Re: AW: Consistent temperature increase in CUDA runs

From: Axel Kohlmeyer (akohlmey_at_gmail.com)
Date: Tue Feb 28 2012 - 06:14:18 CST

On Feb 28, 2012, at 1:21 AM, "Norman Geist" <norman.geist_at_uni-greifswald.de>
wrote:

 Hi Aron,

thank you for investigation. What you see might be unfortunately, too.

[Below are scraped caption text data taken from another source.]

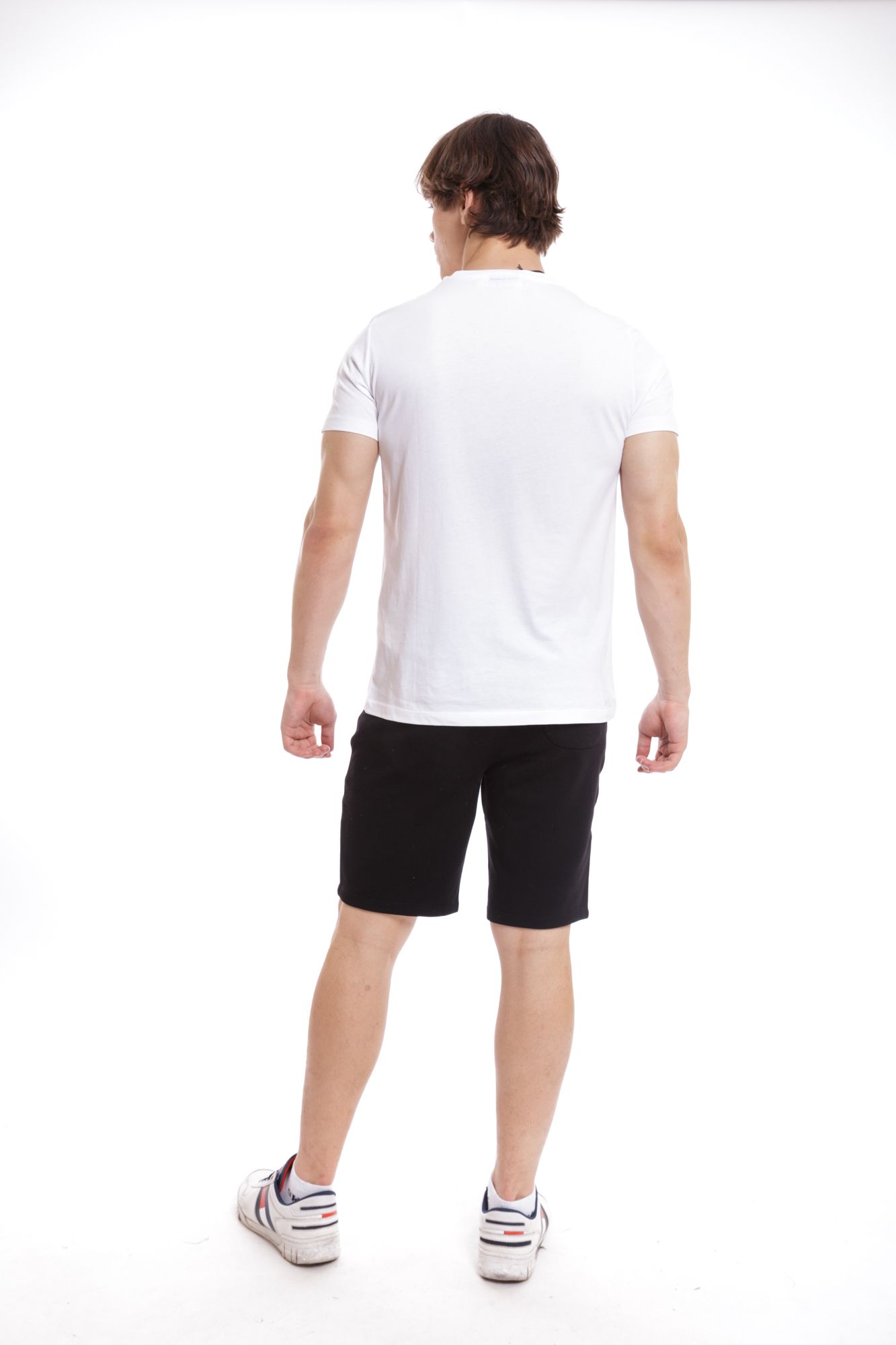 511224_755080 Футболка Karl Lagerfeld Белый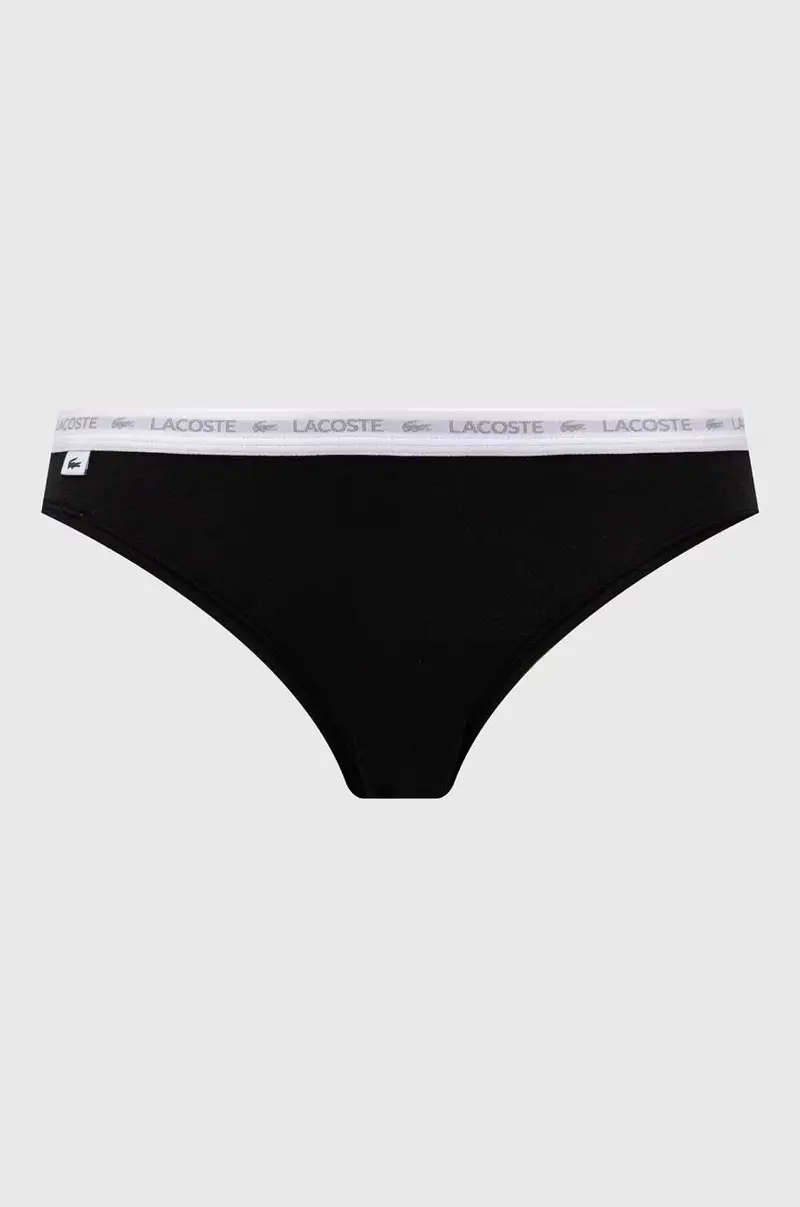 mutande pacco da 3 Grigio miniatura 2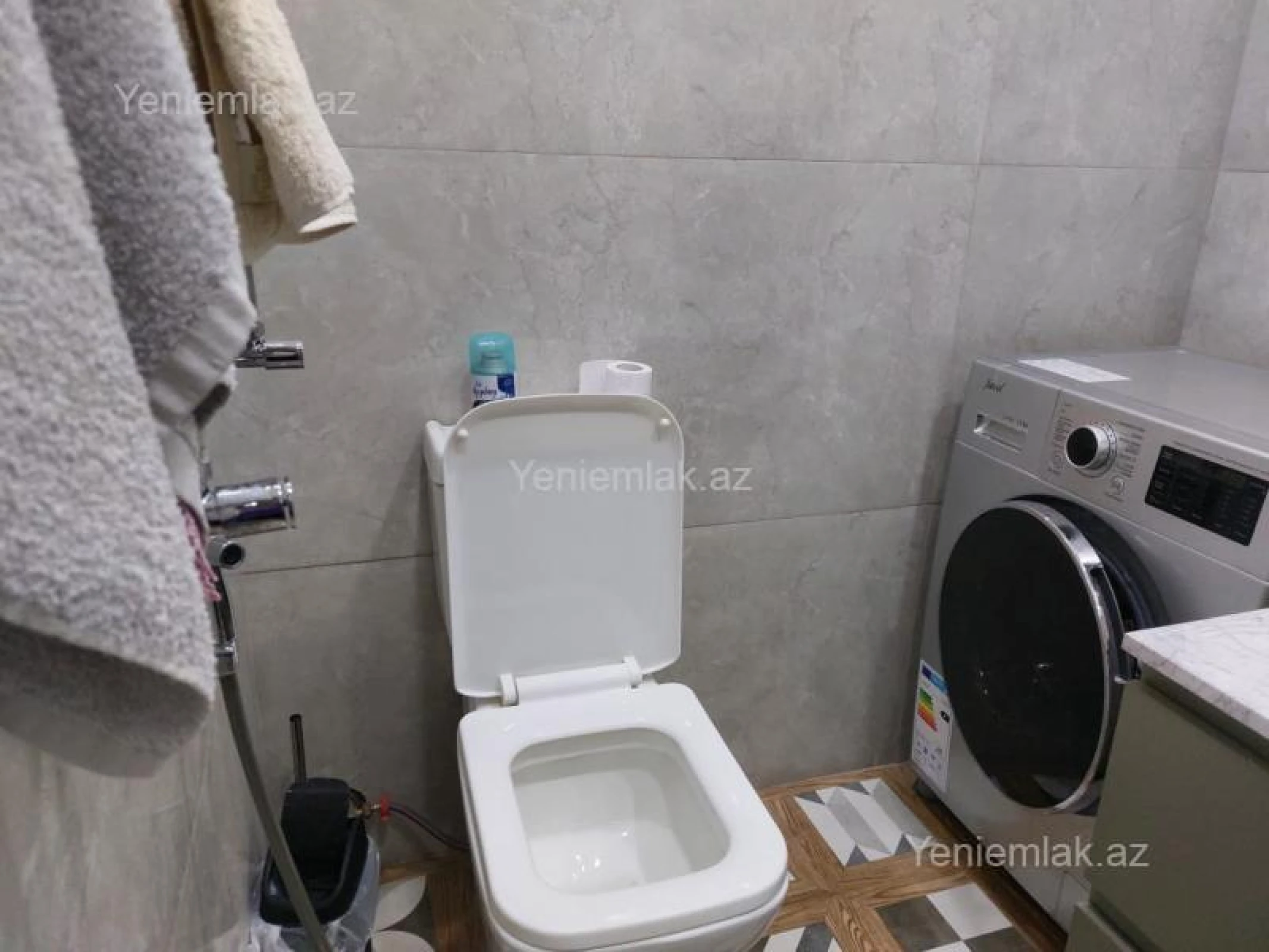 Satılır 3 otaqlı yeni tikili 104 m²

The problem I see, arises also in CPU runs as I now think. It was harder to
observe for me as we haven’t done long simulations on CPU with namd. In
temperature controlled runs, everything is fine with the temperature. Then
we do a free simulation without any controlles afterwards, were the
temperature keeps consistently rising. Strange! I got to test a little.
Maybe increasing pairlistdist and switchdist helps but I already have

No surprise that GPU runs, particularly of very large systems, don't
conserve energy as well as CPU runs. On the GPU you compute forces in
single precision an thus have more "noise" in your system.

Axel

cutoff 10

switchdist 7

pairlistdist 14

What else might affect energy conservation?

Thanks you

Norman Geist.

*Von:* owner-namd-l_at_ks.uiuc.edu [mailto:owner-namd-l_at_ks.uiuc.edu] *I**m
Auftrag von *Aron Broom
*Gesendet:* Montag, 27. Februar 2012 15:32
*An:* Norman Geist
*Cc:* Namd Mailing List
*Betreff:* Re: namd-l: Consistent temperature increase in CUDA runs

Hi Norman,

Yeah I had temperature controlled for the whole run.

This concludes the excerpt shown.